Morning Coffee: E-Books or Traditional?

RevisionsBooks have been a part of my life for as long as I can remember. I come from a family of voracious readers. My parents are retired school teachers and there were always books, magazines, and newspapers in our house. I remember being read to as a child and couldn’t wait until I was able to read for myself, starting with Golden Books, Raggedy Ann and Andy, Uncle Wiggily, Little House series, and oh so many more I can’t even remember them all. My parents censored what movies and television shows I watched, but they never censored my reading. While I wasn’t allowed to watch The Exorcist, I was allowed to read it; the same with Helter Skelter and In Cold Blood.

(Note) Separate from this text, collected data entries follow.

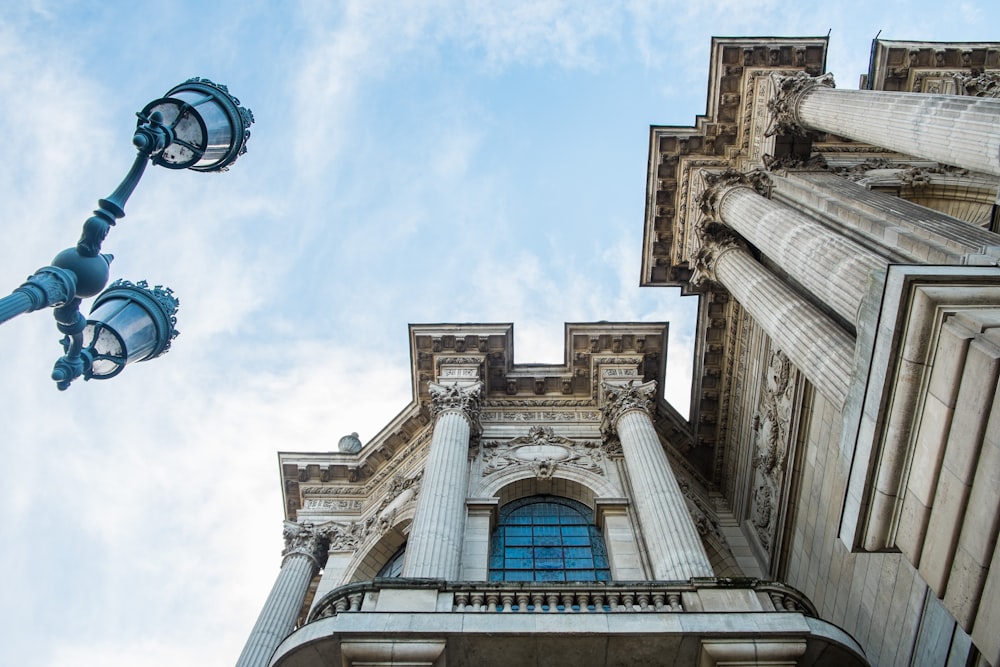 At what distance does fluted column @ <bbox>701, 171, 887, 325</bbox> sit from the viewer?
14.3m

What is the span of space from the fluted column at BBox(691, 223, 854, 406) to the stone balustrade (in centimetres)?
389

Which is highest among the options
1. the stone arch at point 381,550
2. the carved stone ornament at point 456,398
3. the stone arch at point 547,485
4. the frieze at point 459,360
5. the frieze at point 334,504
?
the frieze at point 459,360

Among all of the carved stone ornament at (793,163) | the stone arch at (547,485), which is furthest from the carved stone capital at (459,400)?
the carved stone ornament at (793,163)

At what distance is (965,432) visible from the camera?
288 inches

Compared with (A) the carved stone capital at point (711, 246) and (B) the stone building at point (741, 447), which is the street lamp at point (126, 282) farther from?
(A) the carved stone capital at point (711, 246)

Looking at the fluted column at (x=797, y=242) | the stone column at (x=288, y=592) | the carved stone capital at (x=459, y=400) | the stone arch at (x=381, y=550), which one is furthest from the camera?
the carved stone capital at (x=459, y=400)

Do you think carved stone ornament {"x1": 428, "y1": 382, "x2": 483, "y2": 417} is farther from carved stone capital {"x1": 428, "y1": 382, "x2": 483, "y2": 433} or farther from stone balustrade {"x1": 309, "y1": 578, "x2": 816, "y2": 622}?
stone balustrade {"x1": 309, "y1": 578, "x2": 816, "y2": 622}

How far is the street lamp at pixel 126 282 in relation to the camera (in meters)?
8.16

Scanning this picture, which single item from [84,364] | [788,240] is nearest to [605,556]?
[788,240]

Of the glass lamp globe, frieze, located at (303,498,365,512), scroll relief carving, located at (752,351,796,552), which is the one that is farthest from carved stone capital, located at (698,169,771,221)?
the glass lamp globe

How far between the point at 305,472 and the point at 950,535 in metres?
19.9

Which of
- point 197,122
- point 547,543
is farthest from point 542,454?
point 197,122

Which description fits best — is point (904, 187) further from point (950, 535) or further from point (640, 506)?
point (950, 535)

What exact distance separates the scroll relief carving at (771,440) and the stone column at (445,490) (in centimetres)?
811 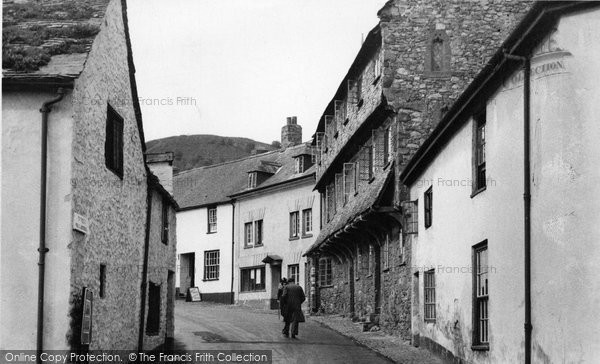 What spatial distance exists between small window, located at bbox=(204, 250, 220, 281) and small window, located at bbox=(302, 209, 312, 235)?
7671 millimetres

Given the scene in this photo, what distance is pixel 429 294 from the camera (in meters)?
21.5

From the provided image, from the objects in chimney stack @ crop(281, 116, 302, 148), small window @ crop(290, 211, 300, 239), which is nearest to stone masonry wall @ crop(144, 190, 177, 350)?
small window @ crop(290, 211, 300, 239)

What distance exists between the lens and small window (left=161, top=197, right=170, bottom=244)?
23.0 m

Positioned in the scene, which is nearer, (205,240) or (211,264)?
(211,264)

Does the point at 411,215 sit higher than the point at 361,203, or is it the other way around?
the point at 361,203

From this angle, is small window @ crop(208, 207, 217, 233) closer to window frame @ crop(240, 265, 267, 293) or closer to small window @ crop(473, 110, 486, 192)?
window frame @ crop(240, 265, 267, 293)

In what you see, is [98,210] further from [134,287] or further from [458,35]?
[458,35]

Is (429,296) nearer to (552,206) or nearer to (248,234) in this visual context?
(552,206)

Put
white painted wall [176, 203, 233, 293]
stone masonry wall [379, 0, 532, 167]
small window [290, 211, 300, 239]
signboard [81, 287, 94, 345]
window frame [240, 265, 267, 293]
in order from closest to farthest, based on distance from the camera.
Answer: signboard [81, 287, 94, 345]
stone masonry wall [379, 0, 532, 167]
small window [290, 211, 300, 239]
window frame [240, 265, 267, 293]
white painted wall [176, 203, 233, 293]

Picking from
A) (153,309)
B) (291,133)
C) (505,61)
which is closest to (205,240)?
(291,133)

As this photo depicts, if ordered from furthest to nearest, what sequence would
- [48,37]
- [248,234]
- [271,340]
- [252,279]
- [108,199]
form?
[248,234]
[252,279]
[271,340]
[108,199]
[48,37]

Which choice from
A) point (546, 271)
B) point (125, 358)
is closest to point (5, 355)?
point (125, 358)

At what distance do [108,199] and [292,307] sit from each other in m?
9.83

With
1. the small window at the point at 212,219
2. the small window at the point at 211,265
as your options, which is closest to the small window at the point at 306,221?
the small window at the point at 211,265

But I also read, by choice, such classics as The Scarlet Letter, Silas Marner, The House of Seven Gables, and, of course, poetry.

And for as long as I can remember, I have made up stories. Not in the naughty child sense, although I’m sure that probably happened a time or two when I’d been caught doing something I wasn’t supposed to, but out of the desire to share with others all those characters living in my imagination. The desire to explore the places I knew certainly must exist outside my own little world.

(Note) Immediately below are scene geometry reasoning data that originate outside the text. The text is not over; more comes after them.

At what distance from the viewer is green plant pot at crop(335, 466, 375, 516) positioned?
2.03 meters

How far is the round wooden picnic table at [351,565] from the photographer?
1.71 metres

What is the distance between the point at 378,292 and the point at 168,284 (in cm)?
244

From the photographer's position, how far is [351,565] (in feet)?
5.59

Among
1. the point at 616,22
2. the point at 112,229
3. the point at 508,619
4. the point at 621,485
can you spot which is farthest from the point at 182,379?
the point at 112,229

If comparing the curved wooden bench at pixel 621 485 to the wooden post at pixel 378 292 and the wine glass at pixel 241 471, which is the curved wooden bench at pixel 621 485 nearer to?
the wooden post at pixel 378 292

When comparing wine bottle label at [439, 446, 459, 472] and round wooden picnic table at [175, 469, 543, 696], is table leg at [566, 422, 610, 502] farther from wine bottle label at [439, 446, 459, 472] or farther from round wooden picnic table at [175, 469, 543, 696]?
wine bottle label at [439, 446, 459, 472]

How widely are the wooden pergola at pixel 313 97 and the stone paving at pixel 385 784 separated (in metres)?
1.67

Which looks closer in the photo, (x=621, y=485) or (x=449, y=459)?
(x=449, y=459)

As for the question of e-books or traditional, I read them both. I love my Kindle for travel. I love how it doesn’t close and make me lose my place should I fall asleep while reading (not an unusual occurrence). However, I would never take my Kindle into the bathtub with me. For bubble baths I tend to stick to magazines. They’re light weight, I can hold them in one hand, leaving the other free to hold my wine, and if a magazine does by chance fall into the water I’m not going to cry or get angry.

My Kindle is great when I want to read something particularly trashy and don’t want everyone in the airport or the park to know, such as Fifty Shades of Grey (book 1 only, too trashy even for me). My Kindle is perfect when I decide it’s time to read a great Russian novel like War and Peace or Anna Karenina because it’s not near as heavy as the traditional print version. But when I’m researching my current work-in-progress, or something I might want to write in the future, I need to have a traditional book so I can highlight passages and write notes in the margin and dog-ear important pages. I know you can do all these things with an e-reader, or so I’ve heard, but it’s not the same. And studying maps, diagrams, and charts just doesn’t work as well on an e-reader, especially if you have to flip back and forth to refer to them while reading.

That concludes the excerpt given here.